Optimism about airlines and online booking platforms helped these stocks last week, on the heels of positive earnings comments, boosting the CE100™ Category “Move”.

Delta Airlines led the industry and the CE100™ names, up 15% over the past week. The company said in its report that there had been a “rebound” in demand and also noted that March was its best selling month ever.

See also: Travel recovery supported by Delta, American Airlines revenue reports

This is the connected economy, after all, and it only makes sense that other getaway companies are also gaining traction. Airbnb gained 5% on the week and Booking Holdings rose 2.8%.

The upward movement in “movement” names was not enough to prevent the Global CE100™ Index from continuing its overall slide, slipping 1.7% for the week.

This negative was slightly better than the performance of the broader markets, where the Nasdaq was down just over 3%. Beyond this week of relative outperformance, the CE100™ is down 19.5% over the year.

CE100 Performance Vs. Broader Indexes

Source: PYMNTS

If people open their wallets to book flights and rooms (Marriott, a component of the “Have Fun” pillar, rose 10%), they could fall back other areas to do so.

Beware of consumer spending

Headwinds continue to weigh on consumer spending, for both online and offline retailers. A pullback here would give consumers the financial wherewithal to make, book and spend on planned summer vacations.

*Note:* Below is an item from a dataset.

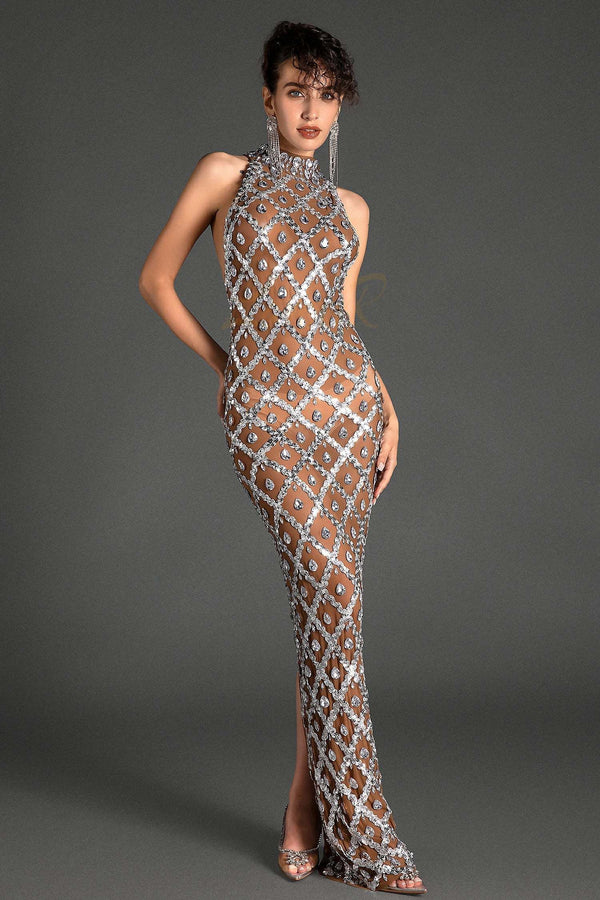 LOVEVVR Vlasis Diamond Halter Neck Mermaid Dress In Brown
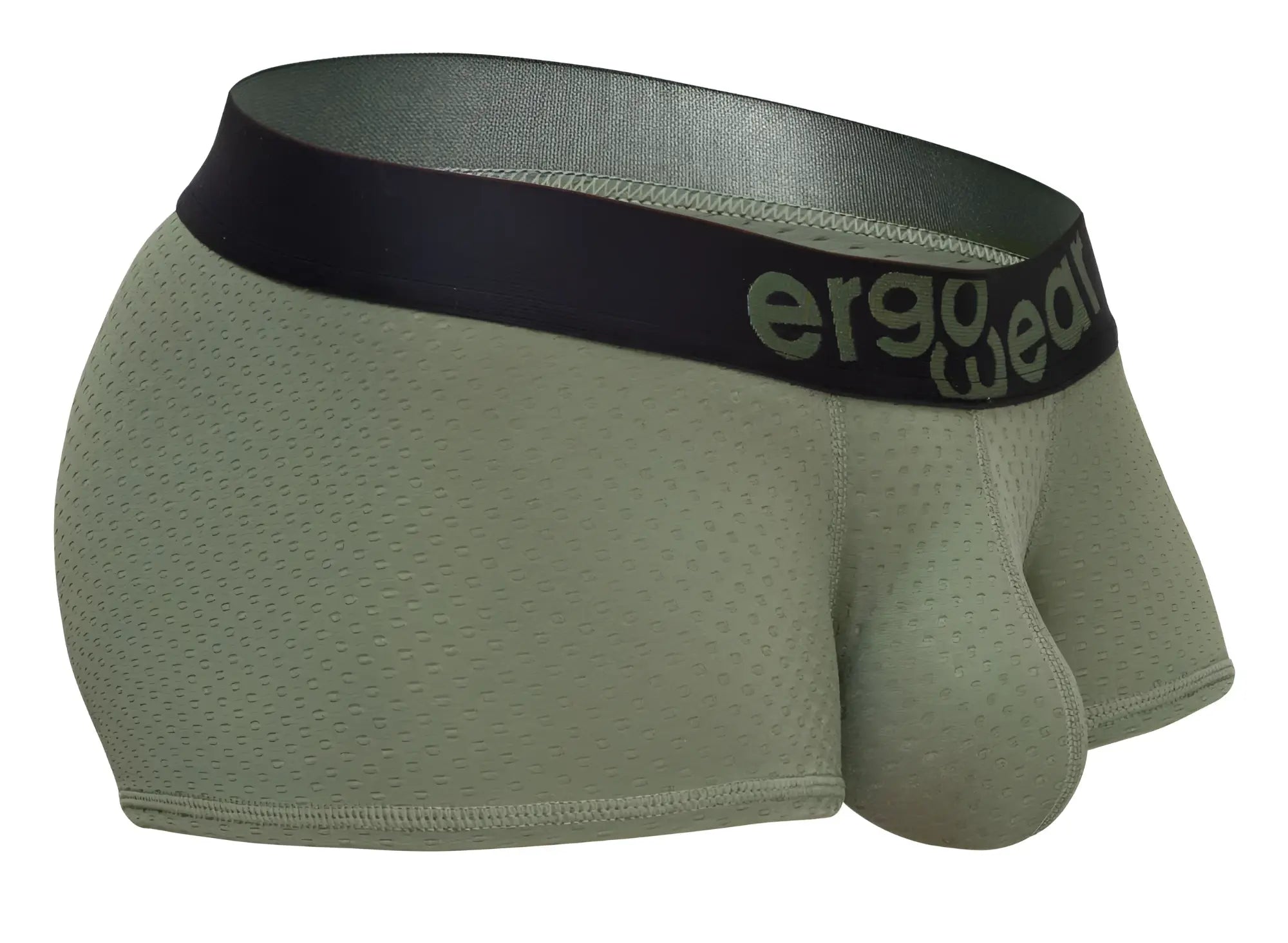 Olive green mesh ergo wear ew1787 max flow trunks with black elastic waistband and logo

Macro headwinds continued to weigh on discretionary spending. As reported in this space for the past few days, in “Digital Economy Payments April 2022 US Edition How Consumers Pay in The Digital World,” P2P payments have come down quite a bit. And the share of consumers who shopped for groceries fell one percentage point to 88% and retail purchases fell two percentage points to 60% as prices rose across the board.

Our own data also revealed that travel services were purchased by 19% of consumers in March – a record since the monthly survey series began in December.

See also: Rising prices give consumers pause before accessing digital wallets and P2P apps

Connecting the dots here therefore shows that additional spending on travel comes at the expense of spending in other channels. By extension, the three worst performing names of the CE100 all depend on consumer spending. Last week, Sezzle, a name in the “Pay and Be Paid” pillar, fell more than 20%. Within the “Boutique” pillar, Vroom lost 10.3% and MercadoLibre lost 8.7% on the week, which helped to lower this connected economy by 35.8% on the year.

Retailers are of course hoping that inflation has peaked, but with anything more expensive, choices have to be made. Businesses related to leisure, vacation and travel are the beneficiaries, but whether the trend is sustainable remains to be seen.